Date: 2026-05-09 UTC
Status: Accepted
Deciders: software-architect
Refs: docs/architecture/rbac-v2/design.md I-9, docs/security/customer-audit-unified-threat-model.md §T-INS-5


Context

Insider threat scenario T-INS-5 (privilege escalation via RBAC modification) identifies that if an RBAC mutation is applied before the audit row is written, a bad actor could abort the application between the mutation and the audit write, leaving a privilege escalation with no record. The question is where in the transaction the audit row is written relative to the mutation.


Decision

rbac_grants_audit INSERT fires before the rbac_user_groups / rbac_ticket_grants mutation is committed. Both are in the same DB transaction. If the audit INSERT fails, the transaction is rolled back and the grant is not applied.

Implementation: the service layer wraps both operations in a single db.session.begin() block. The audit INSERT comes first. If it raises, the exception propagates and the mutation is never committed.


Consequences

Positive: - No grant can exist without an audit record. The audit trail is the gate, not an afterthought. - A bad actor who gains DB write access cannot apply a grant without leaving a record — unless they also have the ability to roll back the audit INSERT (which would require deleting from rbac_grants_audit, a table with DDL-level UPDATE/DELETE REVOKE). - Consistent with T-INS-5 countermeasure: "RBAC mutation events must be written to customer_audit_events before the mutation takes effect."

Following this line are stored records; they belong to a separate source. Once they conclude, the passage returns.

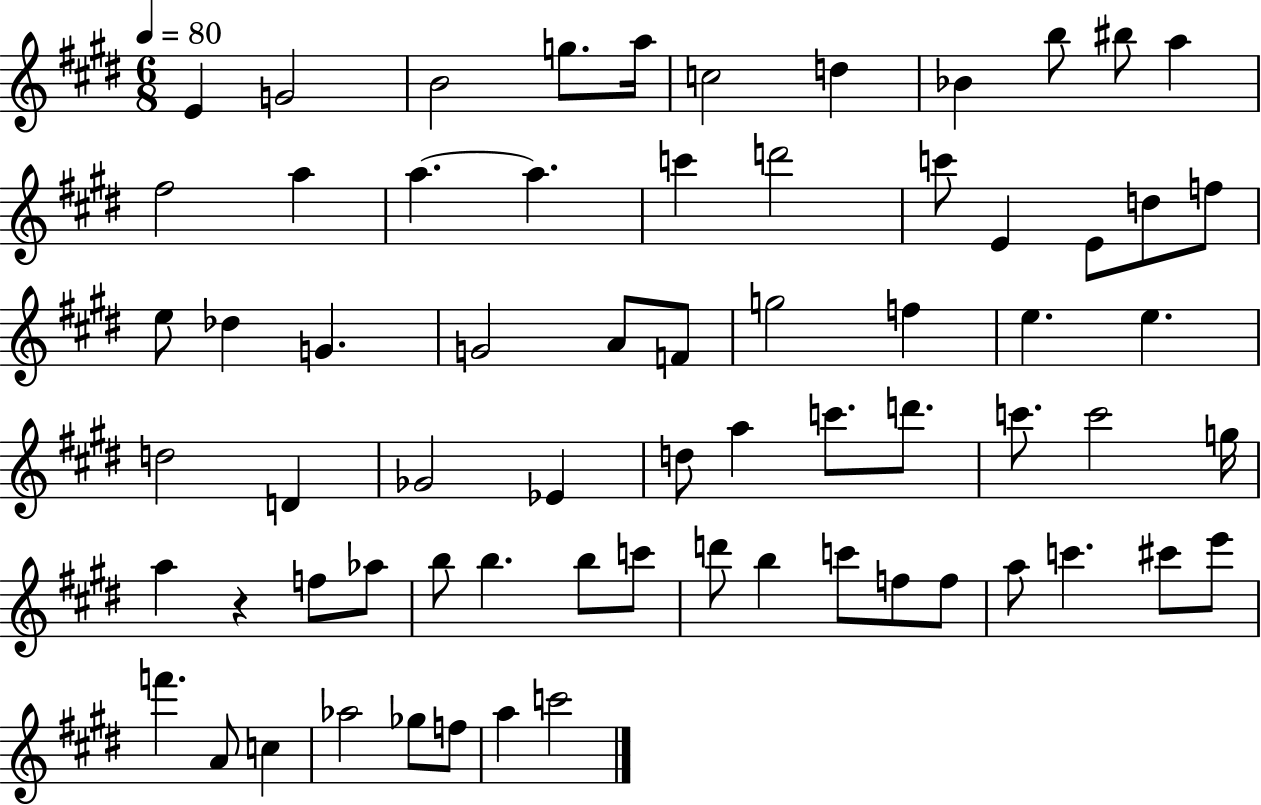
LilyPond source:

{
  \clef treble
  \numericTimeSignature
  \time 6/8
  \key e \major
  \tempo 4 = 80
  e'4 g'2 | b'2 g''8. a''16 | c''2 d''4 | bes'4 b''8 bis''8 a''4 | \break fis''2 a''4 | a''4.~~ a''4. | c'''4 d'''2 | c'''8 e'4 e'8 d''8 f''8 | \break e''8 des''4 g'4. | g'2 a'8 f'8 | g''2 f''4 | e''4. e''4. | \break d''2 d'4 | ges'2 ees'4 | d''8 a''4 c'''8. d'''8. | c'''8. c'''2 g''16 | \break a''4 r4 f''8 aes''8 | b''8 b''4. b''8 c'''8 | d'''8 b''4 c'''8 f''8 f''8 | a''8 c'''4. cis'''8 e'''8 | \break f'''4. a'8 c''4 | aes''2 ges''8 f''8 | a''4 c'''2 | \bar "|."
}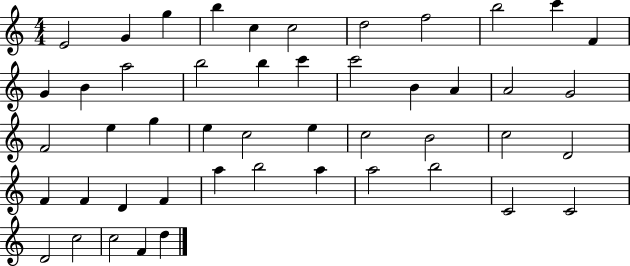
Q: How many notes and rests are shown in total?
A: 48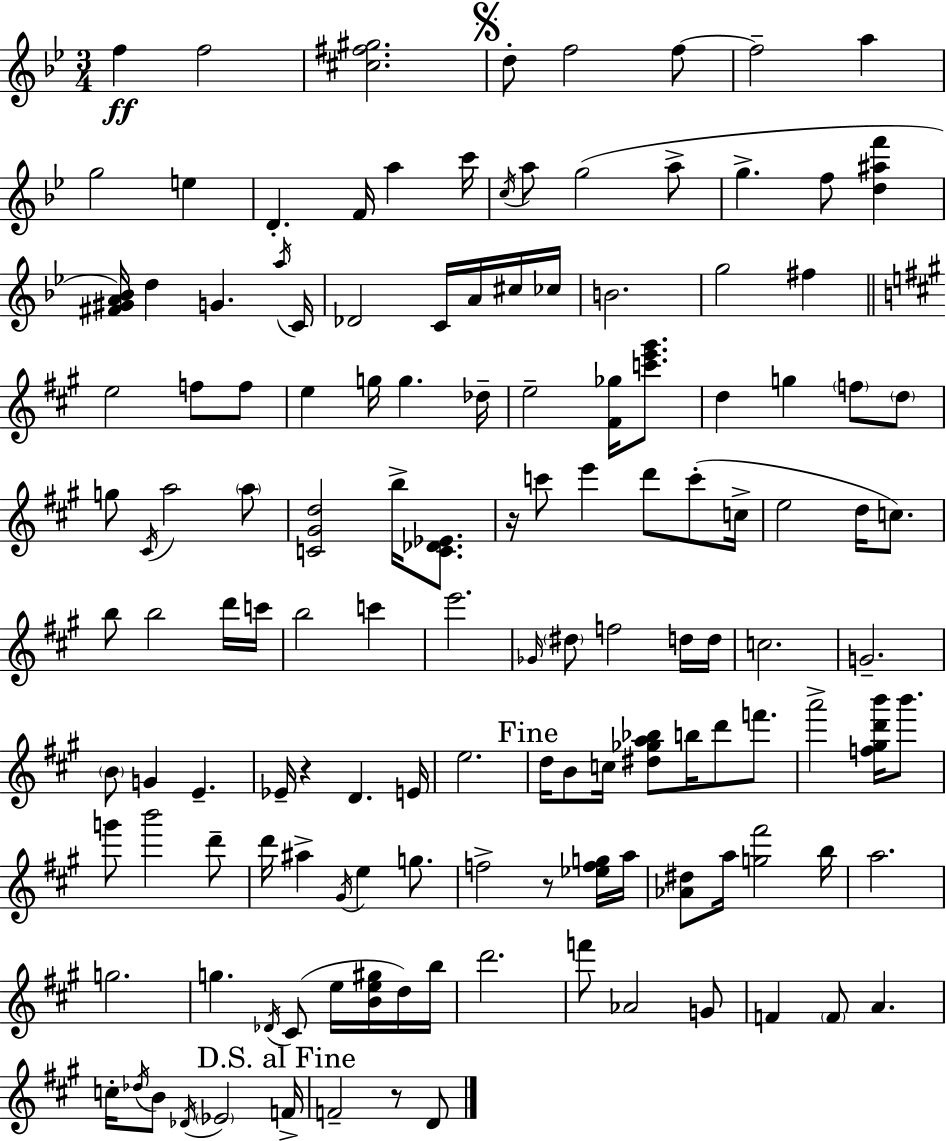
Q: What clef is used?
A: treble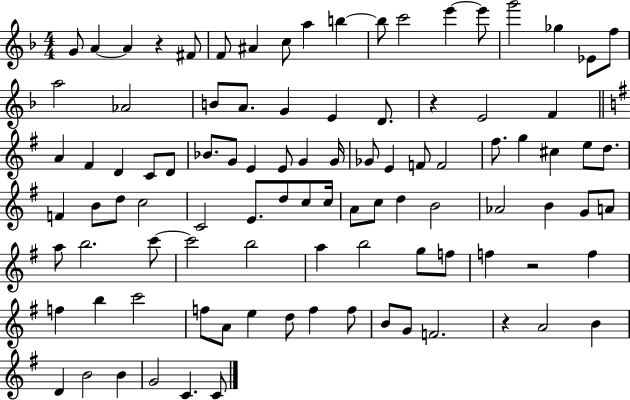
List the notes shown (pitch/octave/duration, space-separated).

G4/e A4/q A4/q R/q F#4/e F4/e A#4/q C5/e A5/q B5/q B5/e C6/h E6/q E6/e G6/h Gb5/q Eb4/e F5/e A5/h Ab4/h B4/e A4/e. G4/q E4/q D4/e. R/q E4/h F4/q A4/q F#4/q D4/q C4/e D4/e Bb4/e. G4/e E4/q E4/e G4/q G4/s Gb4/e E4/q F4/e F4/h F#5/e. G5/q C#5/q E5/e D5/e. F4/q B4/e D5/e C5/h C4/h E4/e. D5/e C5/e C5/s A4/e C5/e D5/q B4/h Ab4/h B4/q G4/e A4/e A5/e B5/h. C6/e C6/h B5/h A5/q B5/h G5/e F5/e F5/q R/h F5/q F5/q B5/q C6/h F5/e A4/e E5/q D5/e F5/q F5/e B4/e G4/e F4/h. R/q A4/h B4/q D4/q B4/h B4/q G4/h C4/q. C4/e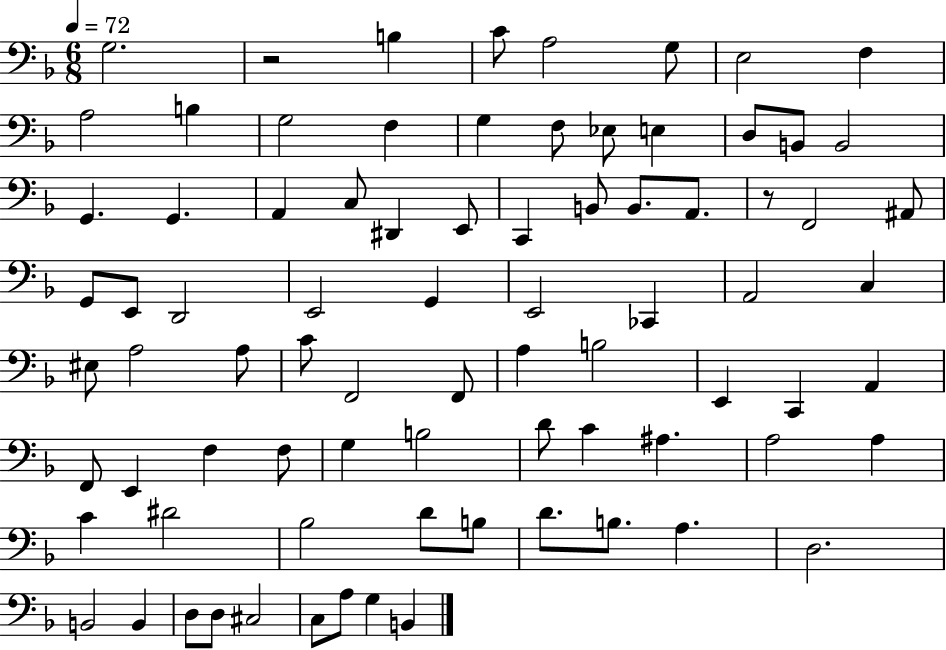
{
  \clef bass
  \numericTimeSignature
  \time 6/8
  \key f \major
  \tempo 4 = 72
  \repeat volta 2 { g2. | r2 b4 | c'8 a2 g8 | e2 f4 | \break a2 b4 | g2 f4 | g4 f8 ees8 e4 | d8 b,8 b,2 | \break g,4. g,4. | a,4 c8 dis,4 e,8 | c,4 b,8 b,8. a,8. | r8 f,2 ais,8 | \break g,8 e,8 d,2 | e,2 g,4 | e,2 ces,4 | a,2 c4 | \break eis8 a2 a8 | c'8 f,2 f,8 | a4 b2 | e,4 c,4 a,4 | \break f,8 e,4 f4 f8 | g4 b2 | d'8 c'4 ais4. | a2 a4 | \break c'4 dis'2 | bes2 d'8 b8 | d'8. b8. a4. | d2. | \break b,2 b,4 | d8 d8 cis2 | c8 a8 g4 b,4 | } \bar "|."
}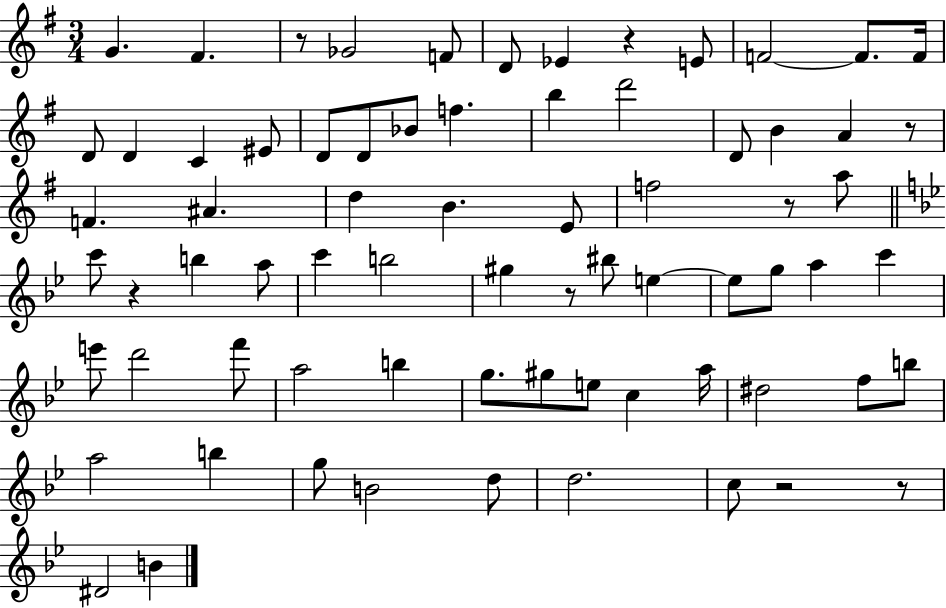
G4/q. F#4/q. R/e Gb4/h F4/e D4/e Eb4/q R/q E4/e F4/h F4/e. F4/s D4/e D4/q C4/q EIS4/e D4/e D4/e Bb4/e F5/q. B5/q D6/h D4/e B4/q A4/q R/e F4/q. A#4/q. D5/q B4/q. E4/e F5/h R/e A5/e C6/e R/q B5/q A5/e C6/q B5/h G#5/q R/e BIS5/e E5/q E5/e G5/e A5/q C6/q E6/e D6/h F6/e A5/h B5/q G5/e. G#5/e E5/e C5/q A5/s D#5/h F5/e B5/e A5/h B5/q G5/e B4/h D5/e D5/h. C5/e R/h R/e D#4/h B4/q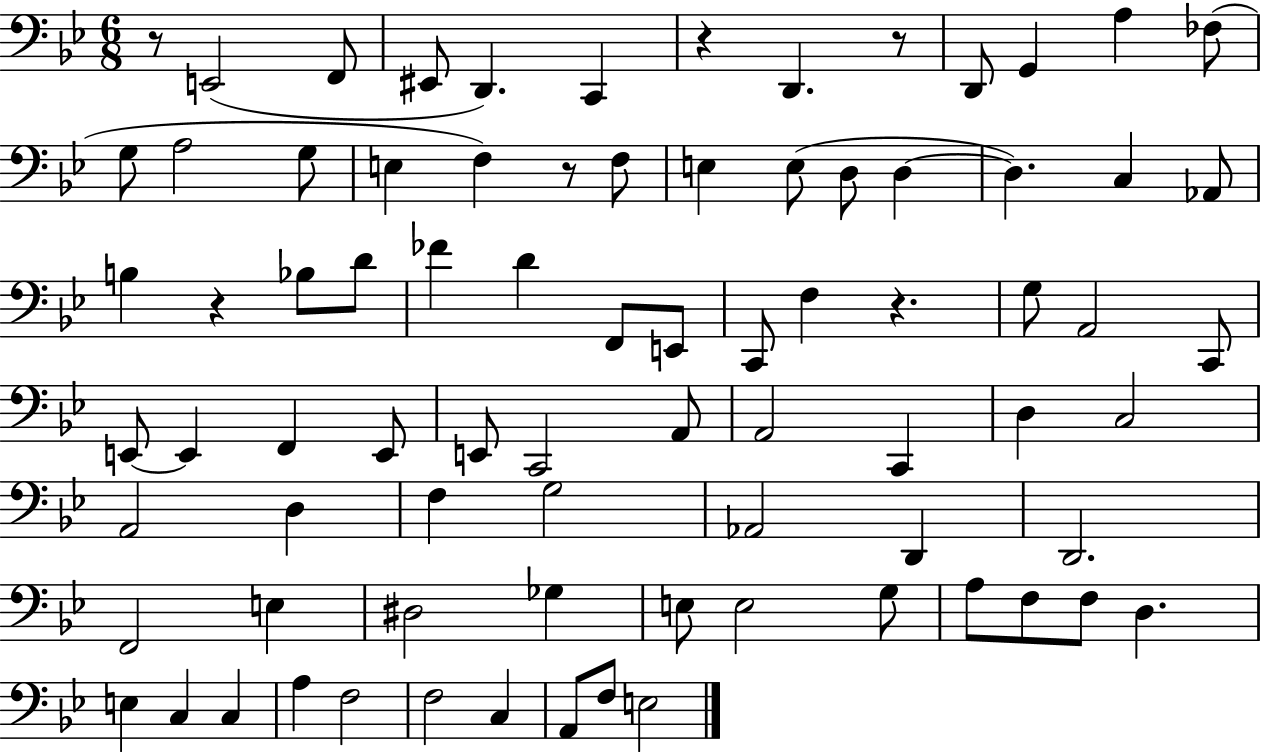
{
  \clef bass
  \numericTimeSignature
  \time 6/8
  \key bes \major
  \repeat volta 2 { r8 e,2( f,8 | eis,8 d,4.) c,4 | r4 d,4. r8 | d,8 g,4 a4 fes8( | \break g8 a2 g8 | e4 f4) r8 f8 | e4 e8( d8 d4~~ | d4.) c4 aes,8 | \break b4 r4 bes8 d'8 | fes'4 d'4 f,8 e,8 | c,8 f4 r4. | g8 a,2 c,8 | \break e,8~~ e,4 f,4 e,8 | e,8 c,2 a,8 | a,2 c,4 | d4 c2 | \break a,2 d4 | f4 g2 | aes,2 d,4 | d,2. | \break f,2 e4 | dis2 ges4 | e8 e2 g8 | a8 f8 f8 d4. | \break e4 c4 c4 | a4 f2 | f2 c4 | a,8 f8 e2 | \break } \bar "|."
}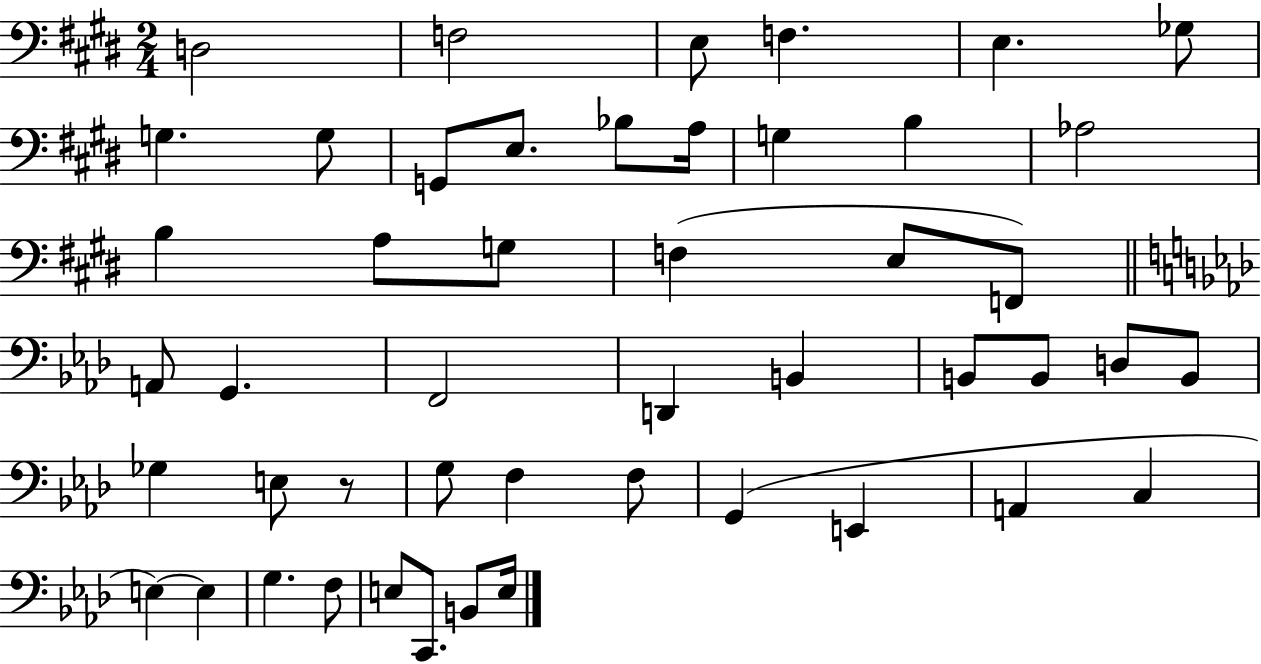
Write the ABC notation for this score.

X:1
T:Untitled
M:2/4
L:1/4
K:E
D,2 F,2 E,/2 F, E, _G,/2 G, G,/2 G,,/2 E,/2 _B,/2 A,/4 G, B, _A,2 B, A,/2 G,/2 F, E,/2 F,,/2 A,,/2 G,, F,,2 D,, B,, B,,/2 B,,/2 D,/2 B,,/2 _G, E,/2 z/2 G,/2 F, F,/2 G,, E,, A,, C, E, E, G, F,/2 E,/2 C,,/2 B,,/2 E,/4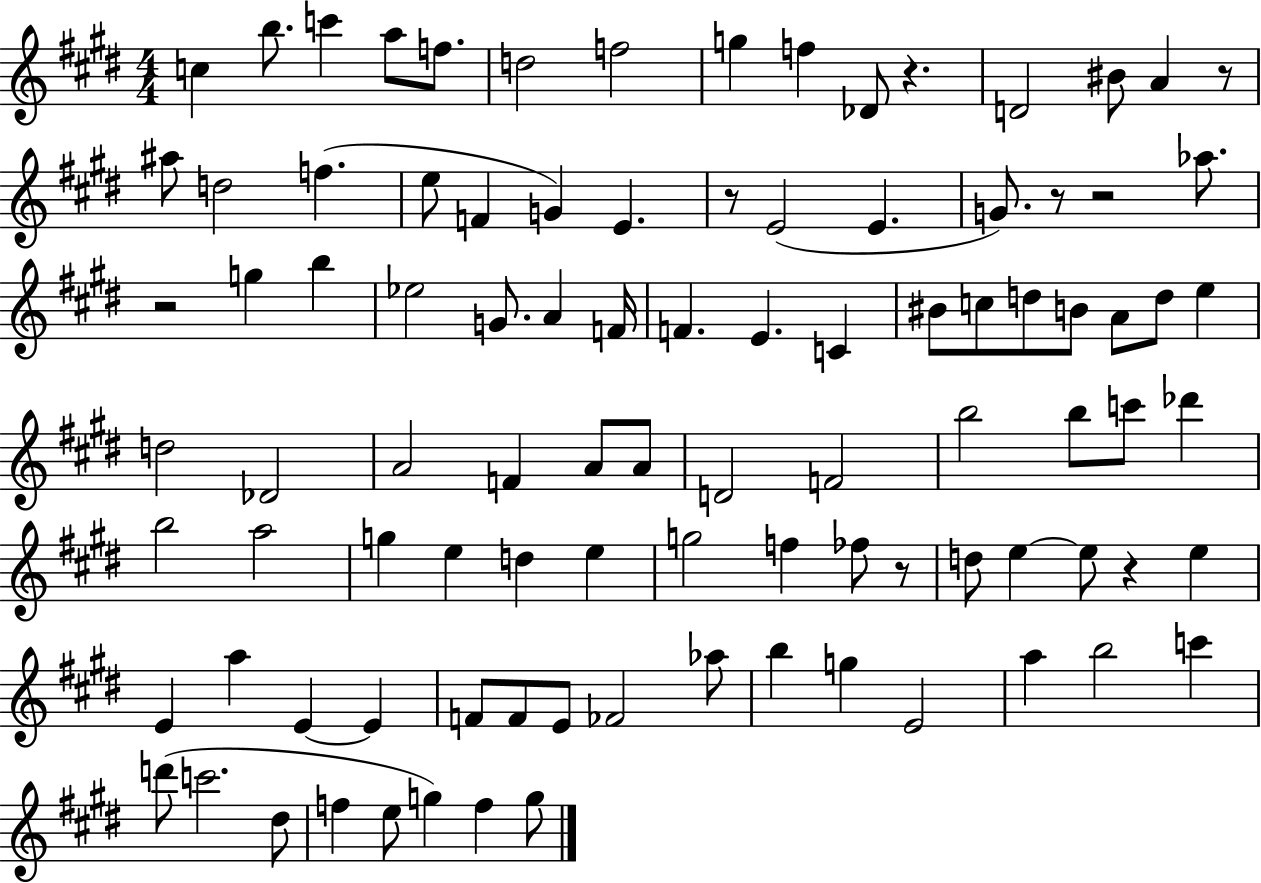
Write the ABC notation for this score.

X:1
T:Untitled
M:4/4
L:1/4
K:E
c b/2 c' a/2 f/2 d2 f2 g f _D/2 z D2 ^B/2 A z/2 ^a/2 d2 f e/2 F G E z/2 E2 E G/2 z/2 z2 _a/2 z2 g b _e2 G/2 A F/4 F E C ^B/2 c/2 d/2 B/2 A/2 d/2 e d2 _D2 A2 F A/2 A/2 D2 F2 b2 b/2 c'/2 _d' b2 a2 g e d e g2 f _f/2 z/2 d/2 e e/2 z e E a E E F/2 F/2 E/2 _F2 _a/2 b g E2 a b2 c' d'/2 c'2 ^d/2 f e/2 g f g/2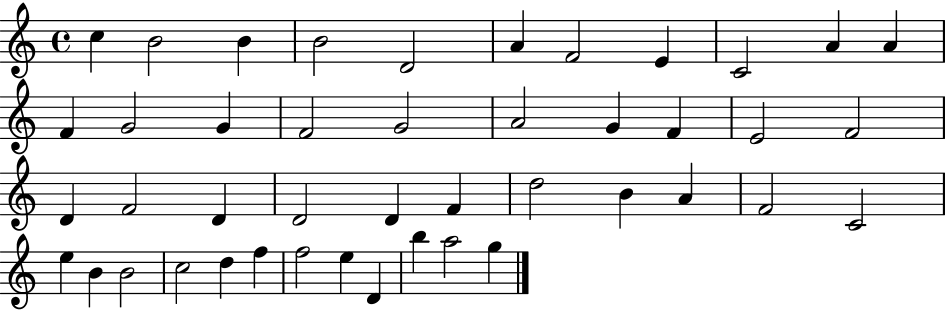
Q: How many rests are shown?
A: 0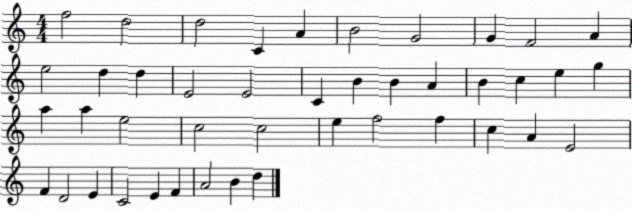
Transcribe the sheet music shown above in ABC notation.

X:1
T:Untitled
M:4/4
L:1/4
K:C
f2 d2 d2 C A B2 G2 G F2 A e2 d d E2 E2 C B B A B c e g a a e2 c2 c2 e f2 f c A E2 F D2 E C2 E F A2 B d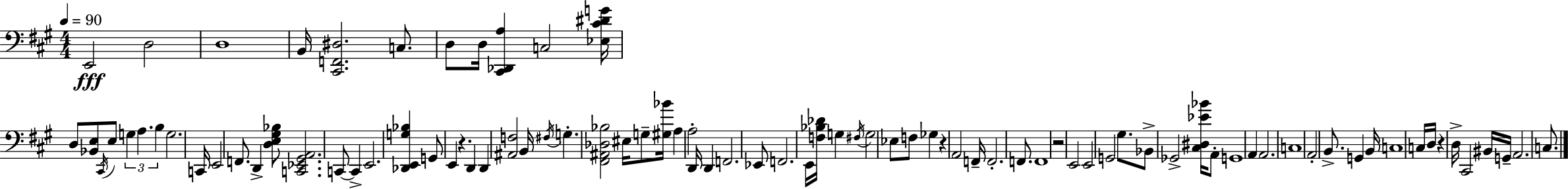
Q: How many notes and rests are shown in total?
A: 90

Negative: - If the audit table is unavailable (e.g., disk full, schema corruption), no grants can be applied. This is the intended fail-closed behavior — availability of the grant API is subordinate to audit integrity. - Slightly more complex transaction handling: the service must explicitly manage the transaction boundary rather than relying on the default ORM session flush.


Alternatives Considered

Post-write audit (fire and forget)

Write the grant first; log the audit row in a try/except that swallows errors.

Rejected: Any gap between the grant and the audit (exception between the two, or a fire-and-forget pattern that drops the log) means the grant happened silently. The system invariant "every state change affecting permissions writes an audit row" is violated.

Separate audit service (async)

Write the grant; emit an event to an async audit service that writes the row eventually.

Rejected: "Eventually" is not auditable in the presence of a bad actor who can kill the process or drain the queue between grant and log. Synchronous, same-transaction write is the only pattern that guarantees the invariant.


See docs/architecture/rbac-v2/design.md §9.2 for the privilege escalation guard design.